What happened during the fifteenth century, the age of discovery, in Florentine painting had the character sometimes of a Promethean, sometimes of a Faustian myth. Since the ancient Greeks, no people had been as speculative as the Florentines, and the price of this speculation was heavy. Continual experiments in politics had caused a breakdown of government, as in Athens, and artistic experiment had begun to unhinge the artists. ‘Ah, Paolo,’ Donatello is supposed to have remonstrated, ‘this perspective of yours is making you abandon the certain for the uncertain.’ The advances in knowledge gave rise to an increase in doubt. By a cunning legerdemain, it was found, a flat surface could be made to appear round; at the same time, paradoxically, the earth itself, which
appears
to be flat, was being shown to be round by scientific argument.
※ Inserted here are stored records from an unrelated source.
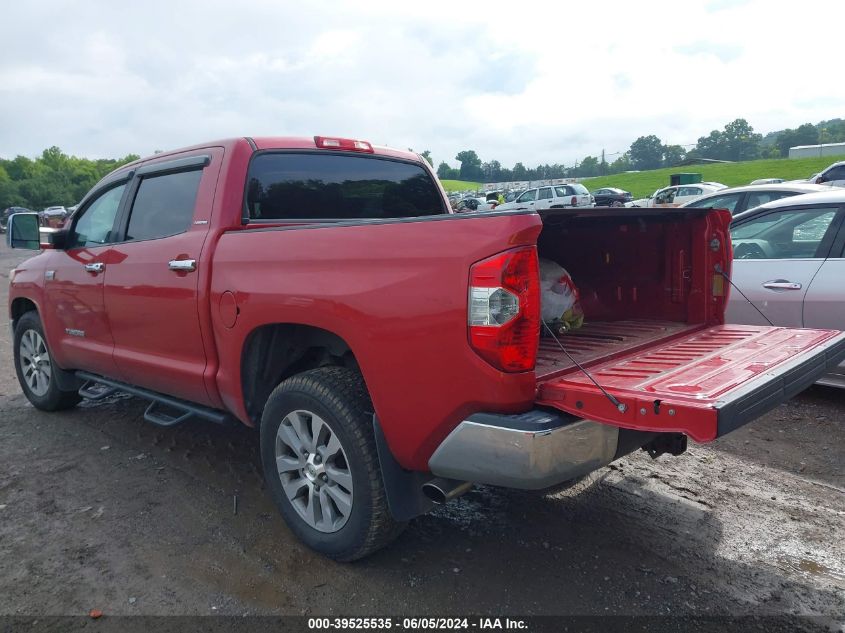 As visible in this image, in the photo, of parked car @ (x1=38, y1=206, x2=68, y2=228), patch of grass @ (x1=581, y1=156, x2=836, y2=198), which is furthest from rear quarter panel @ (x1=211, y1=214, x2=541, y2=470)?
patch of grass @ (x1=581, y1=156, x2=836, y2=198)

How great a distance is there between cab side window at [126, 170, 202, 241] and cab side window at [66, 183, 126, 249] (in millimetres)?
285

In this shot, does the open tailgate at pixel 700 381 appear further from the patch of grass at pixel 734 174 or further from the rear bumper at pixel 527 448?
the patch of grass at pixel 734 174

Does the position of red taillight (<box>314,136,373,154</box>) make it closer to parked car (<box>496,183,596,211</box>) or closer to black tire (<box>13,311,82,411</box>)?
black tire (<box>13,311,82,411</box>)

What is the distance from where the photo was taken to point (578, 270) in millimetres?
4215

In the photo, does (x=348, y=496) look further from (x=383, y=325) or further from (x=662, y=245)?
(x=662, y=245)

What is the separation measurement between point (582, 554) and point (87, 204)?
13.8 feet

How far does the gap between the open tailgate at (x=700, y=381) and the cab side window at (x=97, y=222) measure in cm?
346

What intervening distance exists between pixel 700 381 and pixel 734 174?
60358mm

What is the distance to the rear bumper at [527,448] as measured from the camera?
2385mm

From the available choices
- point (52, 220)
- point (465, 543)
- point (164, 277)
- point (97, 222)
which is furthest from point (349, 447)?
point (52, 220)

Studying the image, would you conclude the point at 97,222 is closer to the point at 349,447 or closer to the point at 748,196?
the point at 349,447

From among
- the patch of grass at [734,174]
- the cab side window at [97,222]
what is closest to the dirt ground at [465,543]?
the cab side window at [97,222]

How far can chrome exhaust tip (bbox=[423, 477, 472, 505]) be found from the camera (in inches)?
109

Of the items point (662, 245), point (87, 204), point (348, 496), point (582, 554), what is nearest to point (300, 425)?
point (348, 496)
The whole relation between appearance and reality was unsettled. ‘Doubting Thomas’, usually shown (by the Venetians, for instance) as a middle-aged person, became for the Florentines a beautiful, entrancing youth—the most charming of all the disciples, as he sits with his lovely chin tilted back on his hand in Andrea del Castagno’s ‘Last Supper’ or as he stands, with graceful curls, and his fair, sandalled foot extended in Verrocchio’s sculpture on Orsanmichele.